▸ Task to carry out
Pull every line containing "with" from the listing below.

▸ Given records

_ _ _ _ _ _ _

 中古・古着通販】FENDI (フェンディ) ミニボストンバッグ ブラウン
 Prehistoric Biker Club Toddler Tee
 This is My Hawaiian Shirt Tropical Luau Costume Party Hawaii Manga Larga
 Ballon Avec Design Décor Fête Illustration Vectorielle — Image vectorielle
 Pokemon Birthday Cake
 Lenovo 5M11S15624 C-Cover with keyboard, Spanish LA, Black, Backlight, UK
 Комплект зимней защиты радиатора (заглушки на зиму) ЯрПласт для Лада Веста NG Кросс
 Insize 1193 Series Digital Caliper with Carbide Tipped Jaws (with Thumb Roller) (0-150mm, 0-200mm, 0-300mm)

_ _ _ _ _ _ _

▸ Output of the task
 Lenovo 5M11S15624 C-Cover with keyboard, Spanish LA, Black, Backlight, UK
 Insize 1193 Series Digital Caliper with Carbide Tipped Jaws (with Thumb Roller) (0-150mm, 0-200mm, 0-300mm)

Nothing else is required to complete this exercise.